ROME, dimanche 21 juillet 2002 (ZENIT.org>Avvenire) – La loi du Kanun, qui prévoit de venger le sang par le sang, conditionne encore la vie de nombreux Albanais, surtout dans les montagnes du nord du pays. Le père Dionis Maka, un Franciscain âgé de 92 ans, a consacré toute sa vie à négocier avec les habitants de la région pour tenter d’éviter les drames qu’entraîne cette terrible loi du talion.
Selon le « code des montagnes », dans les régions comprises entre Scutari, Dukagjini et Lezhe « le sang ne reste jamais sans vengeance » (article 128) et l’homicide fait partie des cas vengés par le sang (article 125).
C’est en 1939 que le père Dionis Maka a sauvé sa première vie.

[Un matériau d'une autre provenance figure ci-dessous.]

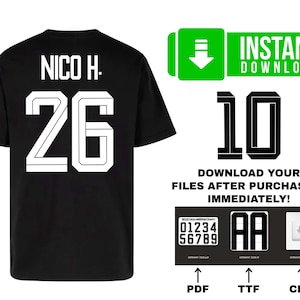 May include: Black t-shirt with the name "NICO H." and the number "26" in white. The image also includes the text "INSTANT DOWNLOAD" and "DOWNLOAD YOUR FILES AFTER PURCHASING IMMEDIATELY!" with file type icons.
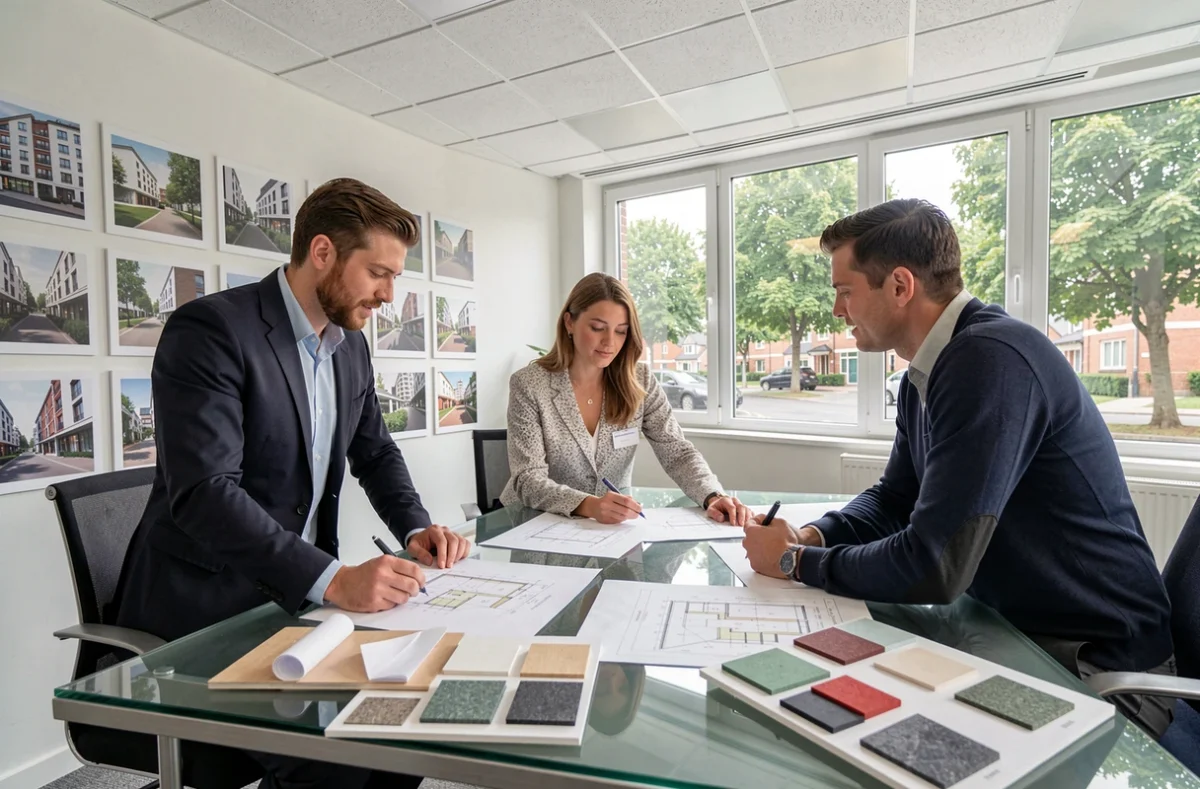 Équipe d'architectes de MFR Architectes en réunion de travail autour de plans de projet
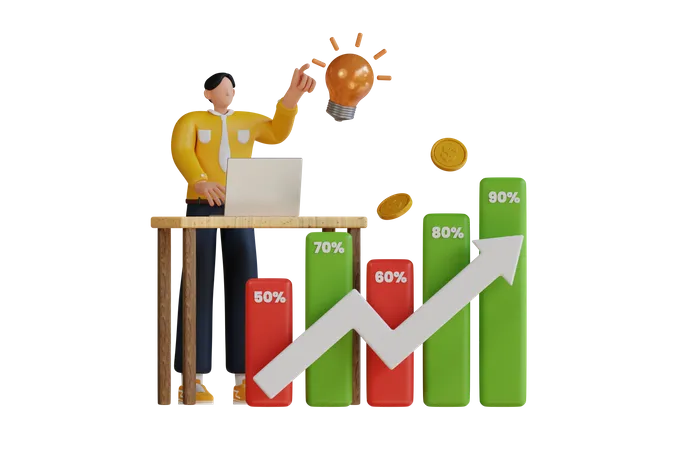 Analyser la croissance financière  3D Illustration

Depuis, il a fait 116 réconciliations, par des moyens ingénieux permettant de contourner la loi du Kanun et profitant de certaines garanties établies par cette même loi.
L’article 4 par exemple, dit que « la personne du curé est inviolable » et que « le prêtre n’est pas soumis à la loi du sang ».

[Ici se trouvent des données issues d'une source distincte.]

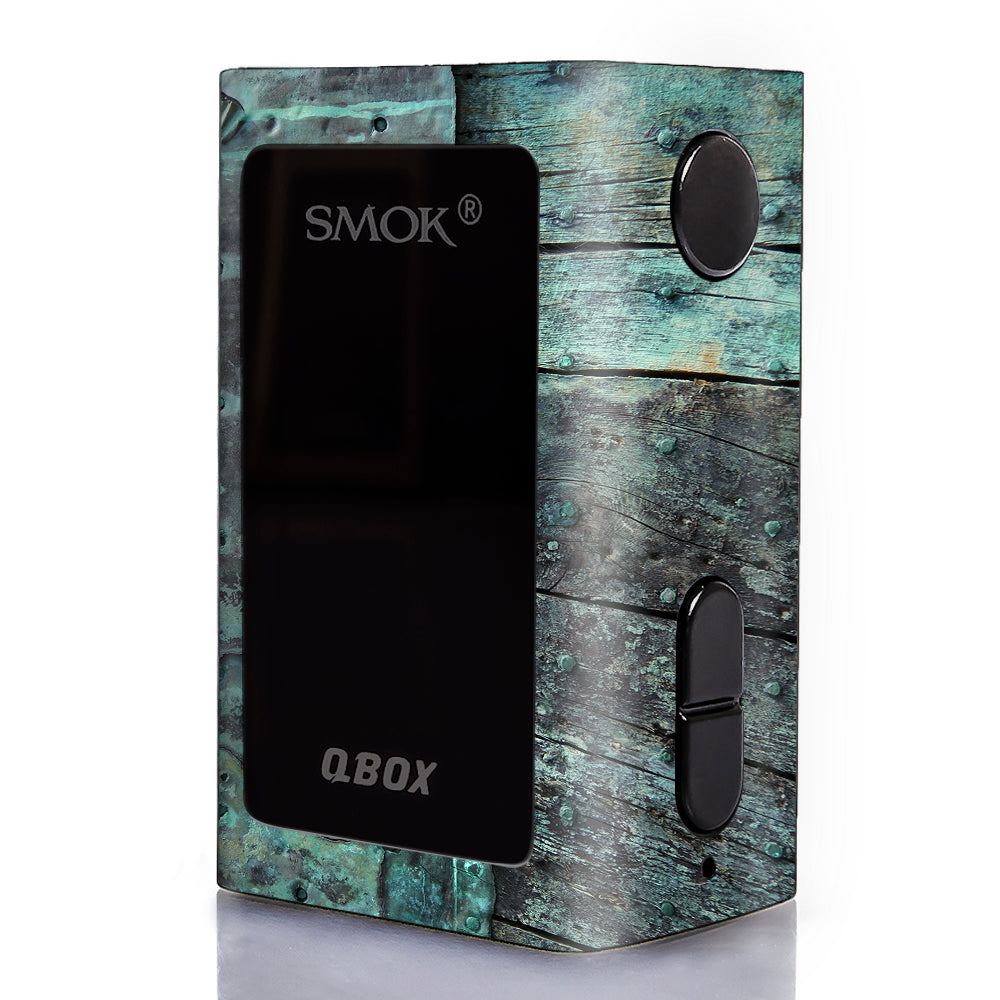  Patina Metal And Wood Blue Smok Qbox 50w tc Skin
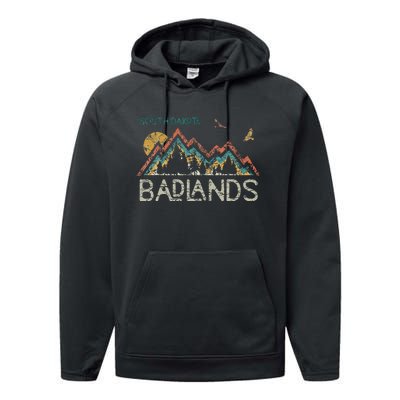 National Park Badlands South Dakota The Mount Rushmore State Performance Fleece Hoodie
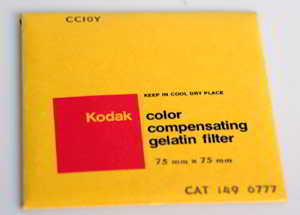 Kodak Wratten CC10Y Yellow  gelatin filter 75mm square  Filter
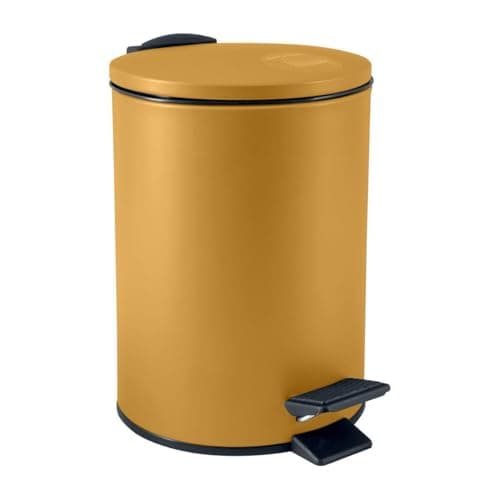 Spirella Poubelle à Pédale Adelar Acier Mat Jaune Soleil 3 Litres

Pour éviter les vengeances, le père Maka a parfois recours à des compensations matérielles comme par exemple le don de têtes de bétail pour réconcilier les familles, mais aussi au message d’amour de l’Evangile.
« Dans ce triangle du Kanun, explique-t-il, il faut toujours se mouvoir avec beaucoup de discrétion pour ne pas choquer les mentalités ». Le père franciscain précise notamment qu’avant d’aborder les familles pour tenter de les réconcilier après un homicide, il essaie de mieux les connaître et de savoir qui sont leurs amis. « Je les contacte un par un et je leur demande s’ils sont disposés à m’aider. Je frappe à la porte de leurs maisons. Dieu merci, on ne m’a jamais rejeté ».

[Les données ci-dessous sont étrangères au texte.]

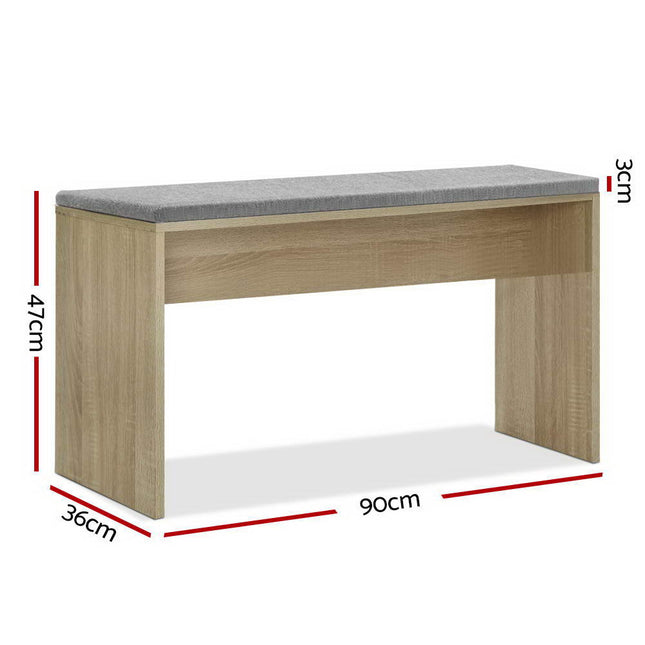 Artiss Dining Bench Upholstery Seat Wooden Chair Oak 90cm.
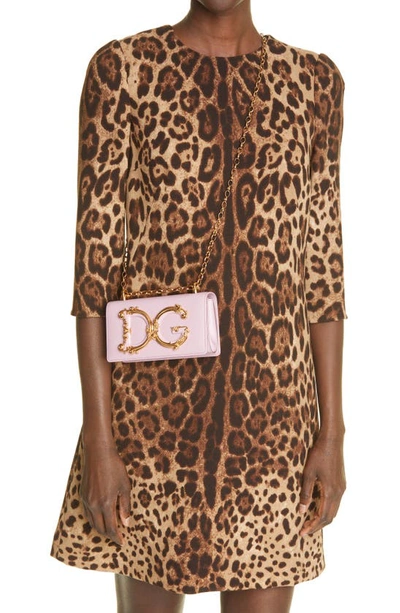 Shop Dolce & Gabbana Girls Logo Leather Phone Crossbody Bag In Powder Pink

Selon la Loi du Kanun, la réconciliation est possible si l’homme qui a tué va demander pardon et si les personnes offensées acceptent son offre: douze bœufs pour une personne assassinée. Mais dans la pratique cela n’arrive que rarement car la personne qui a tué a souvent beaucoup de mal à vaincre son orgueil.
« Le Kanun est profondément antiévangélique et antijuridique, explique le père franciscain. Ce n’est pas un hasard si en Albanie le recours au Kanun ait diminué lorsque le pays a eu un Etat fort, capable de faire valoir ses propres lois ».